▶ _Information provided_:
________________________

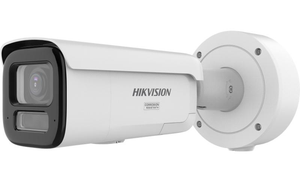 Hikvision DS-2CD2647G3-LIZS2UY/SL(2.8-12MM) 4MP Smart Hybrid Light with ColorVu Motorized Varifocal Bullet Network Camera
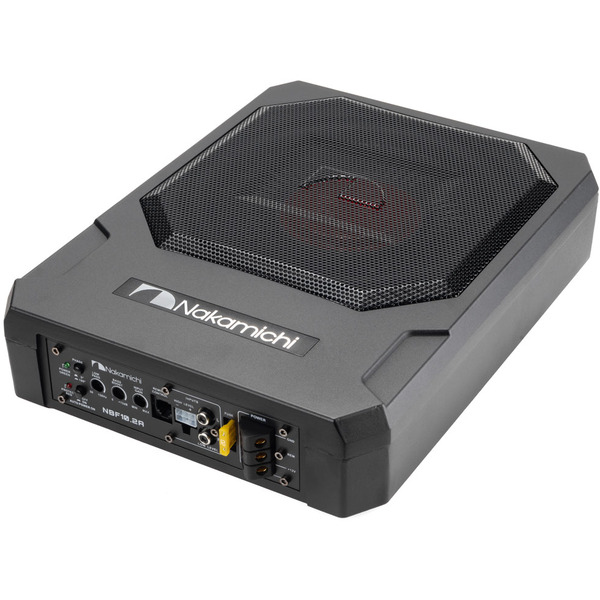 Сабвуфер Nakamichi NBF10.2A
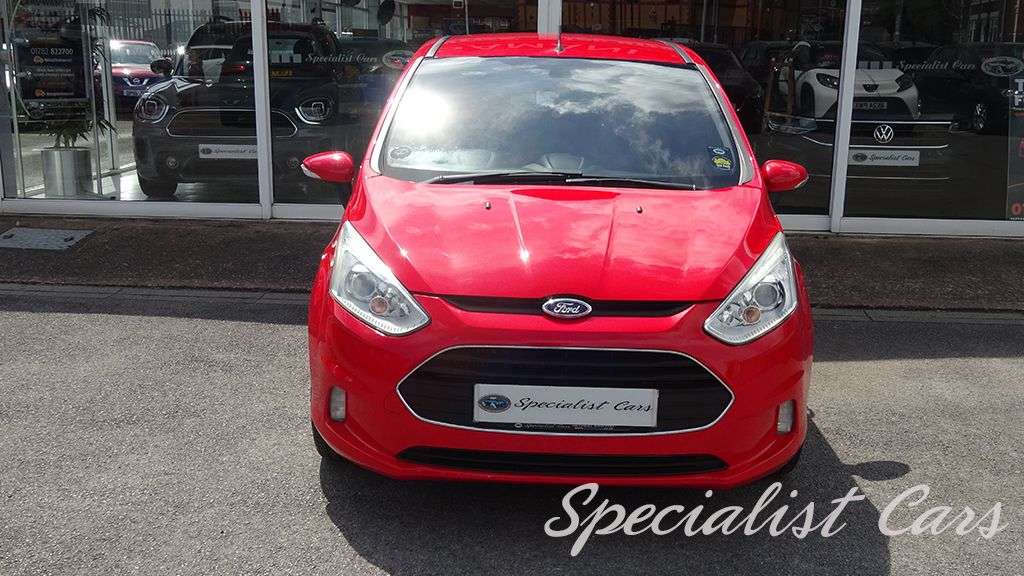 2013 FORD B-MAX 2013 FORD B-MAX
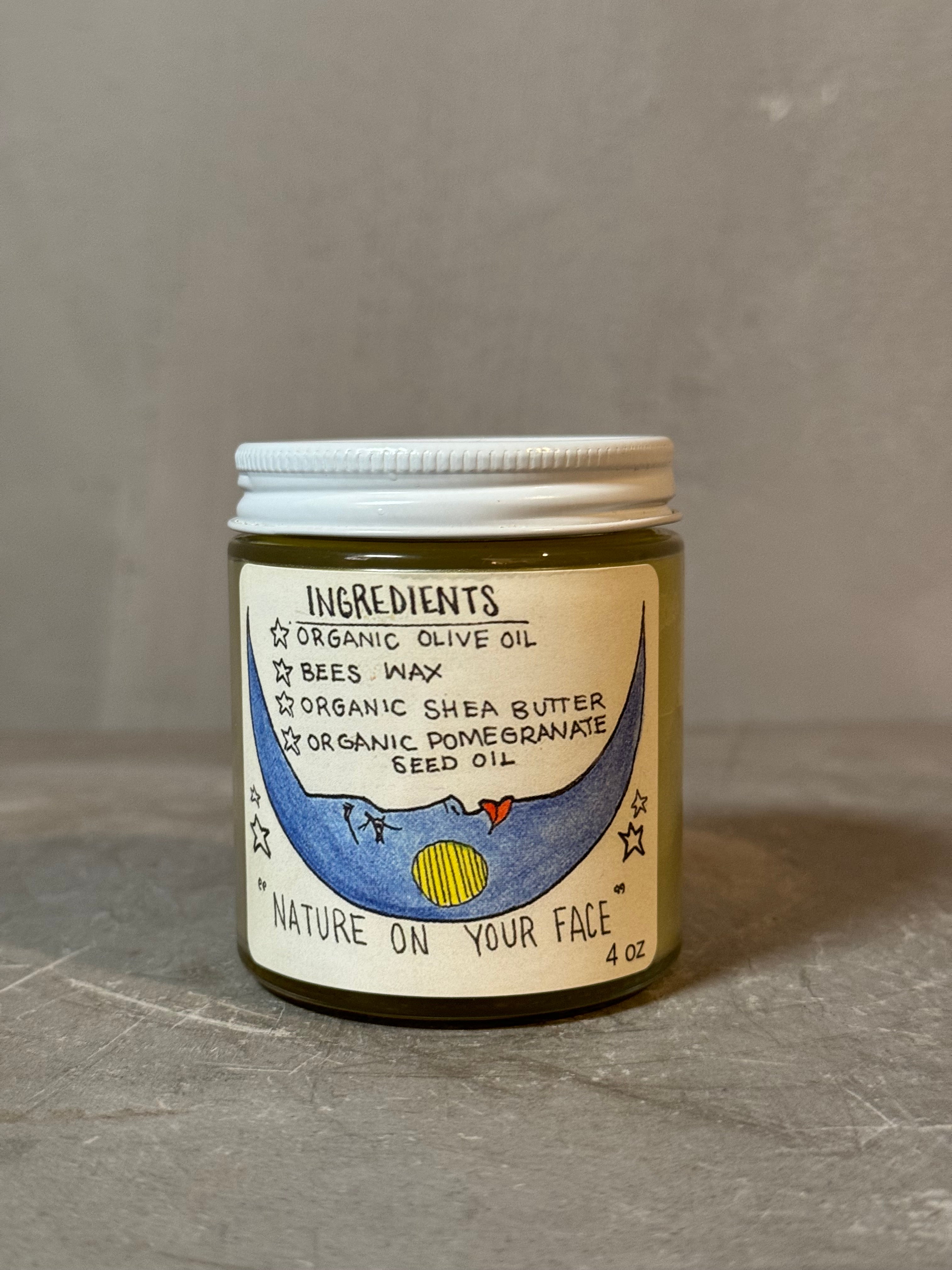 Sensitive Skin Face Lotion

________________________

▶ _Task prompt_:
Without the pictures, give every line above again exactly.

▶ _Task answer_:
 Hikvision DS-2CD2647G3-LIZS2UY/SL(2.8-12MM) 4MP Smart Hybrid Light with ColorVu Motorized Varifocal Bullet Network Camera
 Сабвуфер Nakamichi NBF10.2A
 2013 FORD B-MAX 2013 FORD B-MAX
 Sensitive Skin Face Lotion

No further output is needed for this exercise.